"Cada día me queda menos de mí misma".
La frase de Ingrid Betancourt, la ex candidata a la presidencia colombiana secuestrada desde hace seis años por las FARC, es una perversa alegoría de la tragedia de un rehén y del drama de Latinoamérica.
"La vida aquí no es vida".
Betancourt es una mujer al borde de sí misma, enajenada y agotada por el cautiverio. Torturada durante tanto tiempo por la guerrilla es la personificación del extrañamiento, de esa sensación de vivir muertos de la que esta mujer muere en una carta a su madre desde el infierno.
Como ella, sus captores. Como ella, ese territorio que desde la Patagonia al Río Grande y su valla de la ignominia le cuesta tanto encontrarse a sí mismo y reconocer a los otros como propios.
"Aquí nada es propio, nada dura, la incertidumbre y la precariedad son la única constante".
Las palabras de Ingrid Betancourt son la metáfora de lo que tantos sienten en un continente donde la separación entre los poderosos y el pueblo es endémica. El gran problema de Latinoamérica y la causa de gran parte de sus males es la desigualdad.
Y esa desigualdad nace y arraiga en el extrañamiento. La terrible separación entre unos y otros, los que viven y quienes están atrapados en una existencia donde, como a los secuestrados, el presente no es más que un intervalo movido por los hilos de otros, inalcanzables.

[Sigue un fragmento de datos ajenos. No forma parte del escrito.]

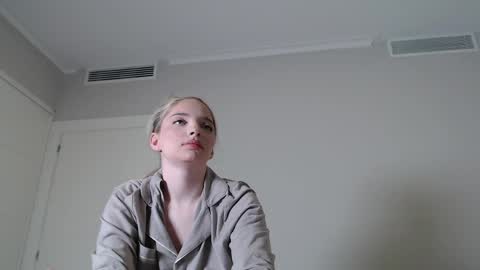 Jessica online show from February 23, 1:25 am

Por eso no sorprenden -aunque maravillan en su dolor- las reflexiones de esta mujer sobre su país y la comparación con Estados Unidos o Francia, sus queridos modelos de naciones de ciudadanos.
"En Colombia todavía tenemos que pensar de dónde venimos, quiénes somos y a dónde queremos ir".
Allí y en todo el continente, donde una mayoría de la población vive desde hace siglos viendo a los otros como extraños. De los cerros empobrecidos a los centros comerciales al estilo yanqui. De los arrabales de los basureros a las estatuas omnipresentes de generales míticos.
Países sin ciudadanos. Humanidad sin semejantes.
"Yo aspiro a que algún día tengamos esa sed de grandeza que hace surgir a los pueblos de la nada hacia el sol. Cuando seamos incondicionales ante la defensa de la vida y de la libertad de los nuestros, es decir, cuando seamos menos individualistas y más solidarios, menos indiferentes y más comprometidos, menos intolerantes y más compasivos".
El grito de Betancourt tiene la lucidez del sufrimiento. Hija de las élites del continente sufre ahora una penuria y una falta de libertad que recuerda demasiado a la de los más desfavorecidos.
"Aquí en esta selva la única respuesta a todo es 'no'. Es mejor, entonces, no querer nada para quedar libre al menos de deseos".
La renuncia y falta de voluntad de Ingrid recuerda las miradas vacías de los habitantes de las favelas y los ranchitos. Gentes libres de deseos por la imposibilidad de conseguirlos. Hasta de tenerlos.
Personas y países secuestrados, ausentes de naciones y extraños de sí mismos.
Ingrid al menos puede luchar por "mantener la curiosidad intelectual viva". Tantos, tantos, no pueden ni siquiera aspirar a eso. Nunca les llegó el alimento ni la educación, ni la suerte, para poder ser curiosos.
Ingrid Betancourt ha escrito más y mejor sobre la tragedia de Latinoamérica en estas cuartillas del tormento que muchos sociólogos e historiadores, que tantos políticos.
Para ella y para el resto de los secuestrados, por la fuerza o la desigualdad, la ilusión sólo puede estar en dejar de ser extraños para que, como ella misma ambiciona, prime "la prioridad de la vida del ser humano sobre cualquier otro interés".
Sólo entonces Latinoamérica saldrá de su largo secuestro.